Der Bahnbeamte, der den zwei Bundespolizisten im Nachbargebäude die Eilt-Nachricht aus dem Dienstabteil des Zugführers persönlich übermittelte hatte, traf beide Beamte vor dem Fernseher dösend an. Die plötzliche Störung durch die unangenehme Nachricht hatte sofort hektische Aktivität ausgelöst.

Ein Toter im ICE 1403, in der Ersten Klasse, Wagen 28, Abteil 8, lautete der Text der Meldung.

Der frühlingskalte Nachtwind fegt von Westen über den Bahnsteig. Die Polizisten ziehen den Reißverschluss ihrer dunkelgrünen Einsatzjacken fast gleichzeitig hoch und blicken erwartungsvoll auf die Waggontür, die sich jetzt zischend öffnet. Dort erscheint der junge Zugführer in seiner dunkelblauen Dienstkleidung, darauf ein Namensschildchen.

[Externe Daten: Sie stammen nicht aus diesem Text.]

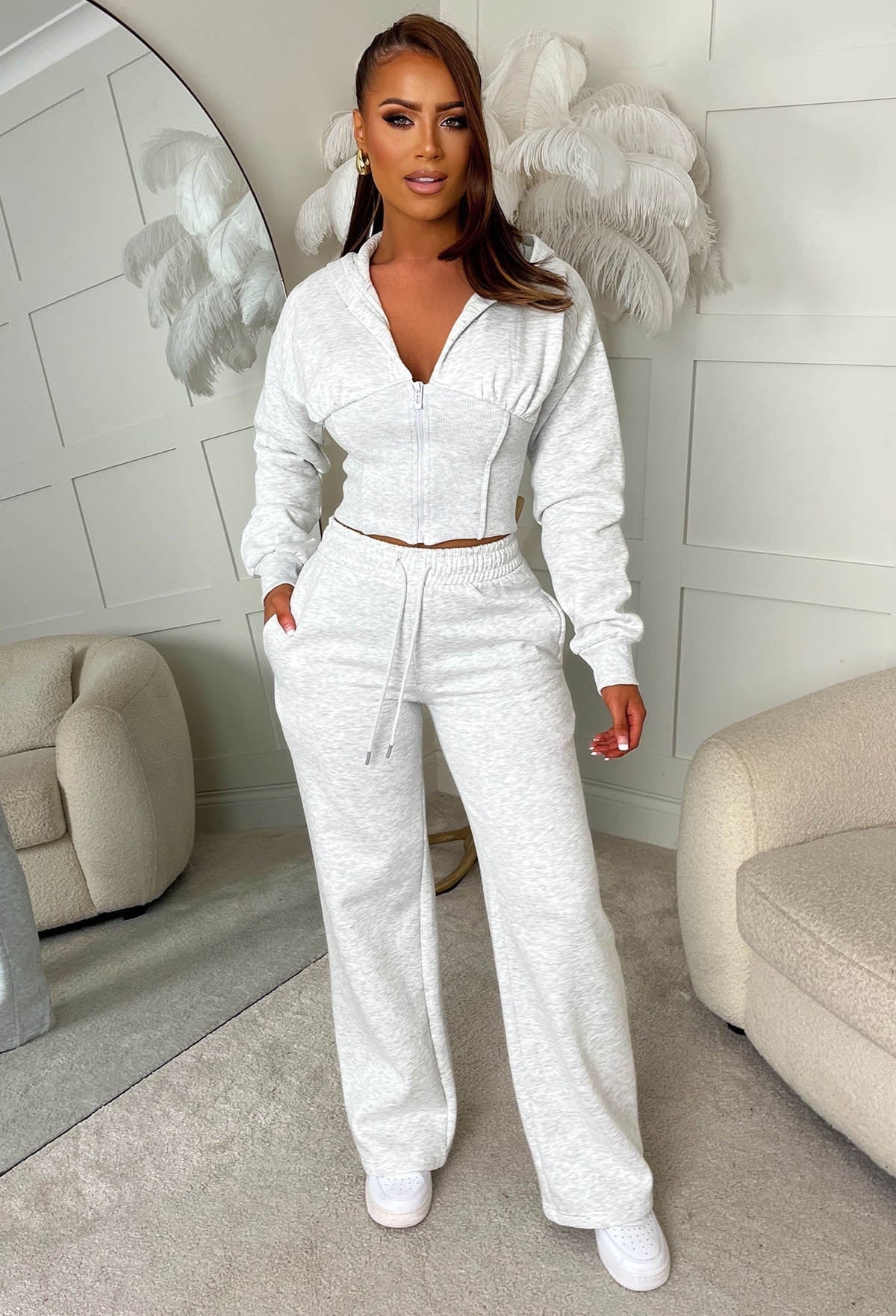 Comfy Girl Grey Cropped Zip Up Lounge Co-Ord Set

Groß, schlank, dynamisch wirkend; eine ansprechende Erscheinung, wie auf den Werbeplakaten der Deutschen Bundesbahn, denkt Polizeihauptmeister Falkenberg, der ältere der beiden Polizisten und betrachtet wehmütig seinen leichten Bauchansatz.

Doch zu dem so souverän wirkenden Äußeren passt die Stimme des Mannes nicht. Blass und leicht krächzend wendet er sich an die drei Uniformierten, die auf dem Bahnsteig warten.

„Anja, meine Zugbegleiterin, kam kurz hinter Hamburg in mein Dienstabteil. Sie war völlig durcheinander. „In Abteil 8, Erste Klasse, vor dem Servicewagen, liegt ein Toter!“ Als wir der den Fundort erreichten, sah ich durch die offene Tür einen Mann auf dem Boden liegen. Es stank abscheulich nach Erbrochenem. Der Mann rührte sich auch nicht, als ich ihn einige Male mit dem Fuß anstieß.“

Aufgeregt unterbricht der Zugführer die lange Erklärung und wischt sich mit dem Handrücken den Schweiß von der Stirn. Die beiden Polizisten blicken sich wortlos an.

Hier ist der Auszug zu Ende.